27日のS&P500種株価指数は、米連邦準備理事会(FRB)が2会合連続で0.75%の利上げを決定したにもかかわらず、2.62%上昇して引けた。

何が起きたか?

27日のS&P500種株価指数は、米連邦準備理事会(FRB)が2会合連続で0.75%の利上げを決定したにもかかわらず、2.62%上昇して引けた。これほど早いペースでの利上げは1990年代以来だ。ただし、6月の消費者物価指数(CPI)が前年同月比9.1%増となったことで視野に入っていた1%の利上げは見送られた。

パウエルFRB議長は、次回9月の米連邦公開市場委員会(FOMC)でも「異例の大幅な」利上げがあり得るものの、経済データ次第になるだろうと述べた。また、経済はすでに減速し始めており、「支出および生産に関する最近の経済指標は軟化している」と指摘した。だが同時に、力強い労働市場を踏まえ、景気後退には陥っていないとの見方を示した。

パウエル議長の発言を受けて、FRBが将来の利上げ幅を近々縮小するのではとの期待感が高まった。

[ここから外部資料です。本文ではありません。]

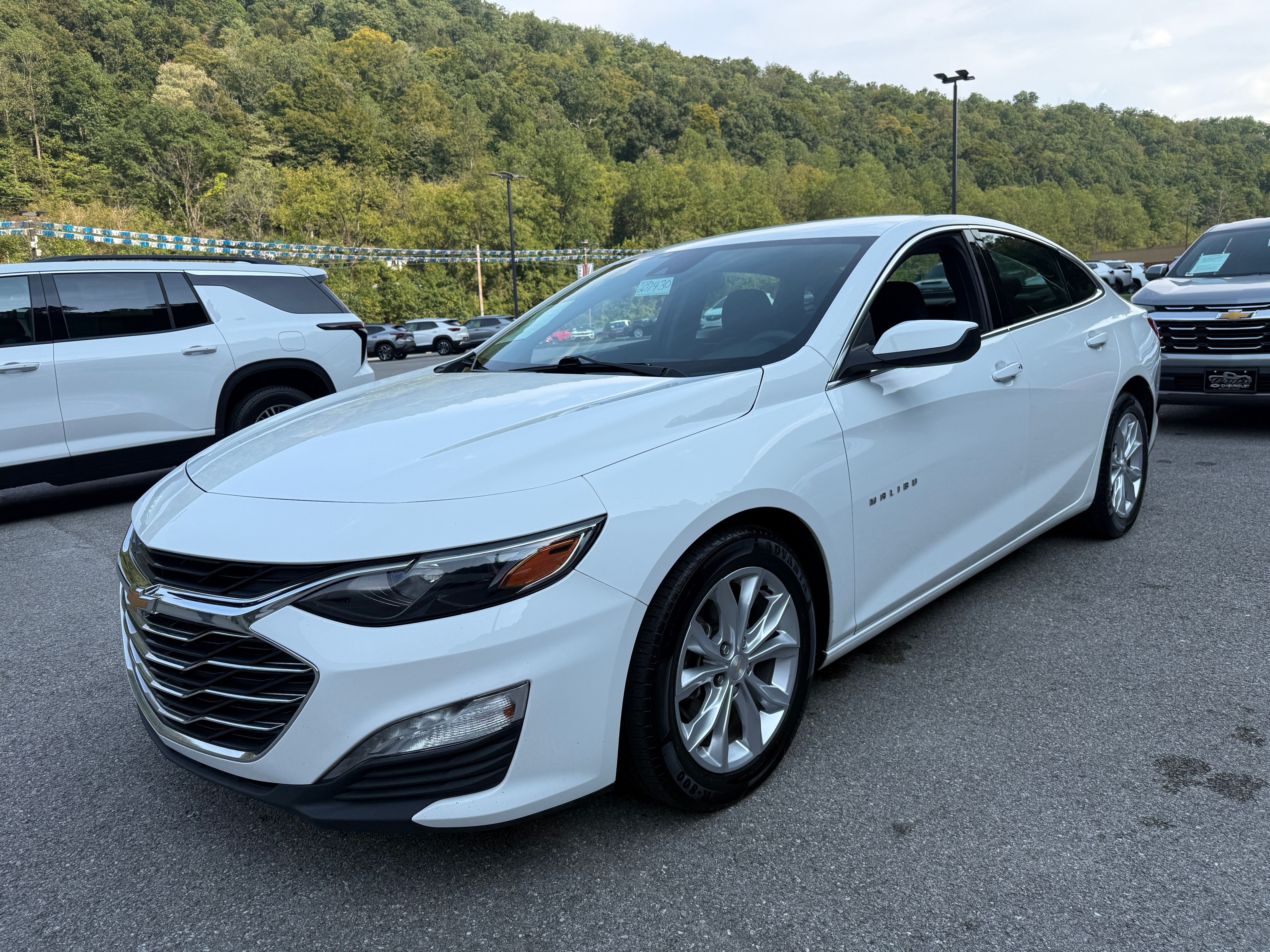 2023 Chevrolet Malibu LT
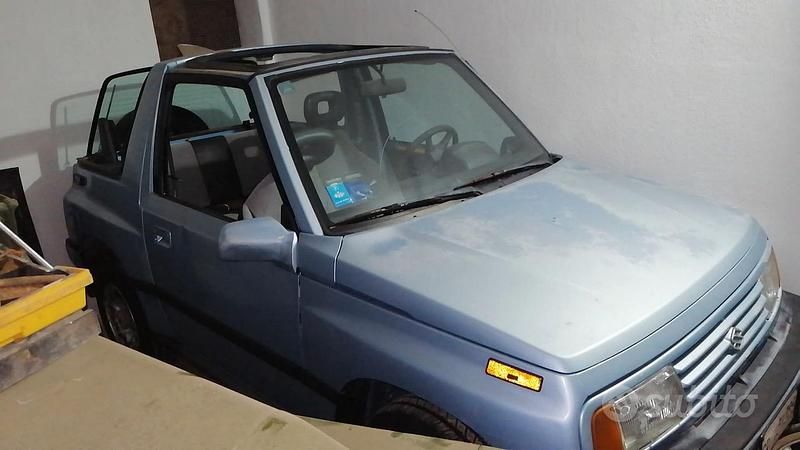 Usata Suzuki Vitara 75 CV (55 kW) 1990 SUV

フェデラルファンド(FF)金利先物市場では、2022年の利上げ見通しが約0.1%低下し、現在の年末水準は約3.25%となっている。米10年国債利回りは横ばいで引け、2年国債利回りは0.06%低下し、逆イールド(長短金利の逆転)の金利差は縮小している。

パウエル議長の発言により、市場で既にみられていた株価反発の勢いが加速した。ハイテク大手の決算が恐れていたほど悪くなかったことから、S&P500種株価指数はFOMCの発表前にもすでに約1.4%上昇していた。米ハイテク製品大手は2023年度(22年7月–23年6月)の売上高が、企業の旺盛なIT投資需要が続いていることから2桁伸びるとの見通しを示した。米インターネット関連サービス大手の持ち株会社の決算も予想ほど悪くなかったが、マクロ経済環境がより「不透明」であることが強調された。こうした決算を受けて、情報技術セクターは3.3%上昇した。ほかにも米ハイテク大手2社が28日に決算を発表する。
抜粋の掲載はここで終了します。